D. Hybrid — DuckDB-WASM read, pg write, server-pushed deltas
Same browser stack as B, but writes flow differently. After a forecast
operation, the server pushes back an Arrow batch of new rows (or a list of
pf_logids to delete for undo). The client applies it to DuckDB-WASM via
SQL and refreshes the Perspective view. No re-export of Parquet on every
write.
This is essentially B with the write-sync layer specified. Splitting it out because the write contract is the architectural decision worth deciding explicitly:
- Insert deltas: server returns new rows as Arrow IPC, client does
INSERT INTO forecast SELECT * FROM arrow_view. Already trivial in DuckDB-WASM. - Delete deltas: server returns
{deleted_logid: N}, client doesDELETE FROM forecast WHERE pf_logid = N. - Replace deltas (e.g., note edits): if
pf_noteis joined at fetch time (current state afterbf85f11), edits are invisible until refetch. Either accept that, or store note on the row andUPDATE.

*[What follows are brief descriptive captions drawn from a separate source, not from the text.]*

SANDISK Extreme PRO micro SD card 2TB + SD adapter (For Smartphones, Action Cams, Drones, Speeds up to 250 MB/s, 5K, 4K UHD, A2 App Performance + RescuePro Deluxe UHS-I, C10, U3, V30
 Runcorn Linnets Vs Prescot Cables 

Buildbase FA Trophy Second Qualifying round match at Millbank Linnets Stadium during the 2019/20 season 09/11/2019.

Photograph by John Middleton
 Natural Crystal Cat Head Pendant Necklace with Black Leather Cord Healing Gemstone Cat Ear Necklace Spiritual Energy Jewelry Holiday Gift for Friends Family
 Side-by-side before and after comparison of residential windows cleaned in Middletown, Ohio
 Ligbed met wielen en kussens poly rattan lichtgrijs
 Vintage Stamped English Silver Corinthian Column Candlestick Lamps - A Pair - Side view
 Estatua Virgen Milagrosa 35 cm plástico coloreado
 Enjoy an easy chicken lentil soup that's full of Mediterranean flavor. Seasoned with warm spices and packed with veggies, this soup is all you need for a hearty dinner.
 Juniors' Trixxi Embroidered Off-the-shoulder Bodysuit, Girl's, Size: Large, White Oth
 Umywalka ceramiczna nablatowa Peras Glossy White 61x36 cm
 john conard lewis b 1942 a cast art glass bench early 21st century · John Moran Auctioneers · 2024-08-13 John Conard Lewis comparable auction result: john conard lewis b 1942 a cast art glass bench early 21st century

This is the cleanest end state for a forecasting app: bulk read once, incremental sync after.
Comparison
| Current | A: optimize | B/D: DuckDB-WASM | C: server DuckDB | |
|---|---|---|---|---|
| Initial load (350k rows) | ~30s | ~5–10s | ~3–8s | <1s |
| Interaction latency | 0 | 0 | 0 | 50–200ms |
| Write feedback | instant | instant | instant (after sync) | instant |
| Undo cost | full reload | full reload (or fix) | local DELETE | server-side |
| Browser memory ceiling | ~1M rows | ~1M rows | 10M+ rows | none |
| New deps | — | — | DuckDB (server + WASM) | DuckDB (server) |
| Code change | — | medium | significant | significant |
| Risk surface | low | low | medium (write sync) | medium (translator wiring) |
Open questions to resolve before choosing
- Expected dataset size 12 months out. If it stays at ~350k–1M rows, option A is enough. If it goes to 5M+, A is dead in the water.
- Parquet caching strategy if going B/D. Re-export on every write is wasteful; delta replay is more code. Pick one explicitly before building.
- Multi-user scenarios. If two users edit the same version concurrently, options B/D need a mechanism for one user's writes to appear in another's local DuckDB-WASM. Option C gets this for free.
- Python-or-Node decision for server-side DuckDB. Perspective-dev's Python virtual server might let you skip writing a translator entirely — at the cost of a Python runtime alongside Node. Worth investigating before committing to a JS-side custom handler.
- Should the spec move? The spec mentions DuckDB only as a faster
bulk-encode path (option A-ish, server-side). Options B/C/D are
architectural shifts the spec doesn't contemplate. Whatever's chosen
should be written into
pf_spec.mdso the reasoning isn't lost again.
Recommendation framing (not a decision)
- If the immediate problem is "30s loads feel bad": option A. It's the smallest change with the highest perceived impact and doesn't paint you into an architectural corner.
- If you're already planning for data growth: option D (DuckDB-WASM + delta sync). It's the right end state for a single-user-per-version forecasting tool with mid-to-large datasets.
- If multi-user real-time becomes a goal: option C. Pay the latency tax once and have a cleaner data model.
A reasonable phased path: do A first (fast, low risk, ships value this week), live with it while planning, then move to D when row counts demand it. C is a different shape and probably not warranted unless multi-user emerges as a requirement.